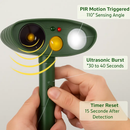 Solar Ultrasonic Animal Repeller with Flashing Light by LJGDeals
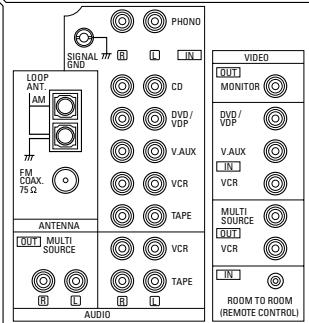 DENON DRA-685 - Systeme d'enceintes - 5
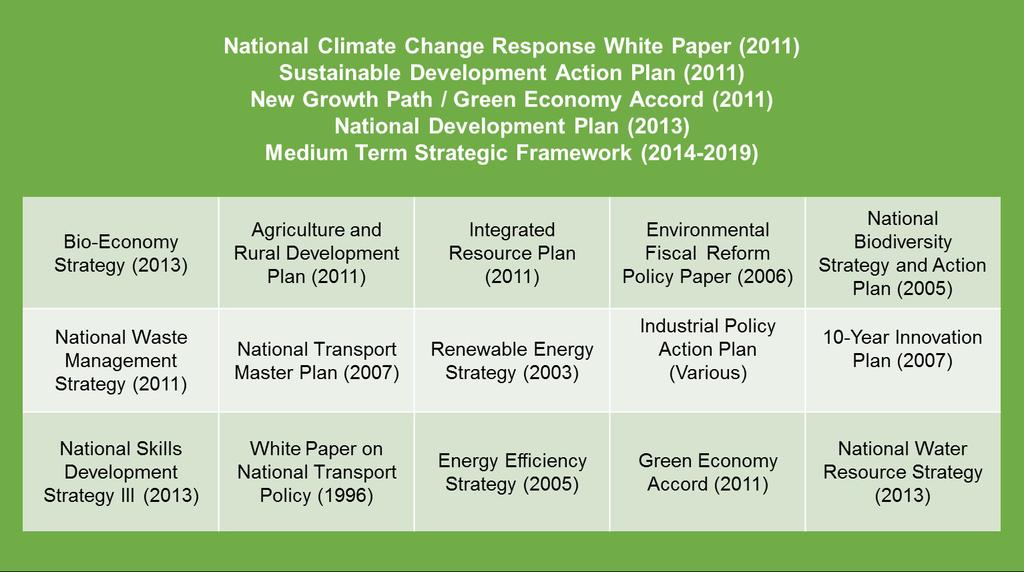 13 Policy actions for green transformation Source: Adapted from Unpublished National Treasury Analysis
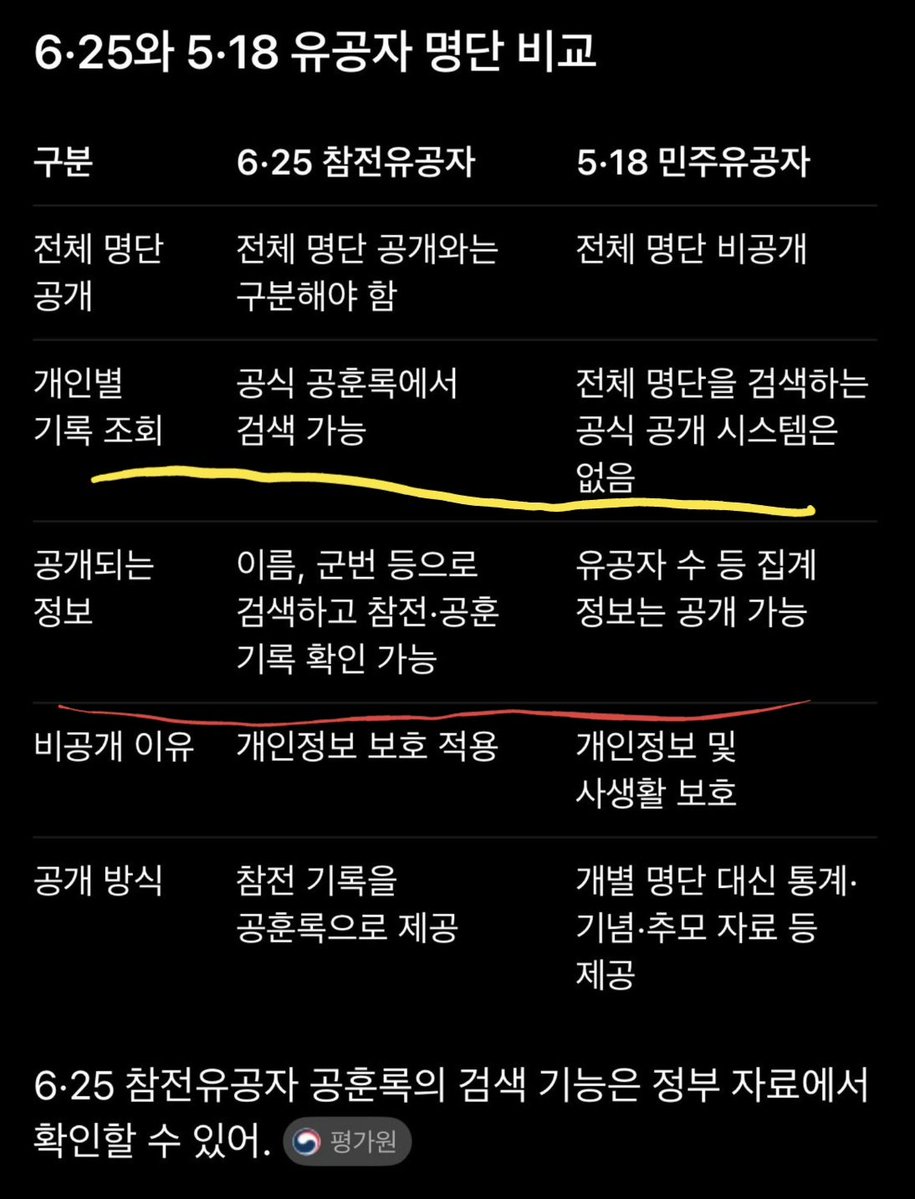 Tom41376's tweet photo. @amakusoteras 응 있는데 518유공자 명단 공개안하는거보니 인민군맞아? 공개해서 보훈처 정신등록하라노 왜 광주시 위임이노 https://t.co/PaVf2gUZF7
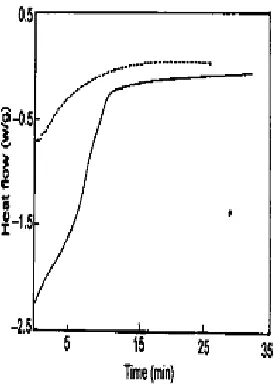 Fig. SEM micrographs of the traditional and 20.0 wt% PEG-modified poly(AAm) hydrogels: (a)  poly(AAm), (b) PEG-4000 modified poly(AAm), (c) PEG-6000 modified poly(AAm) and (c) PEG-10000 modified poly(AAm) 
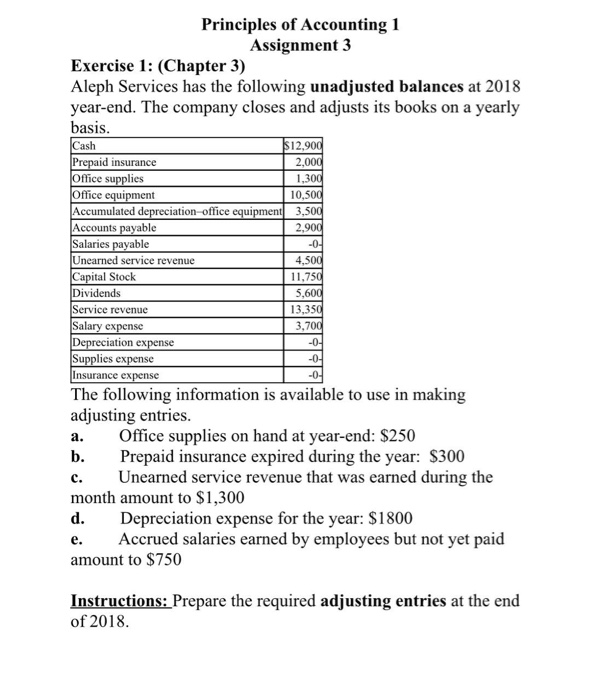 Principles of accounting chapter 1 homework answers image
#####
Work to complete:
Would you please output only the lines from the start of the material above up to and including the line with "13 Policy actions", exactly as they appear and without pictures?

Problem solution:
 Solar Ultrasonic Animal Repeller with Flashing Light by LJGDeals
 DENON DRA-685 - Systeme d'enceintes - 5
 13 Policy actions for green transformation Source: Adapted from Unpublished National Treasury Analysis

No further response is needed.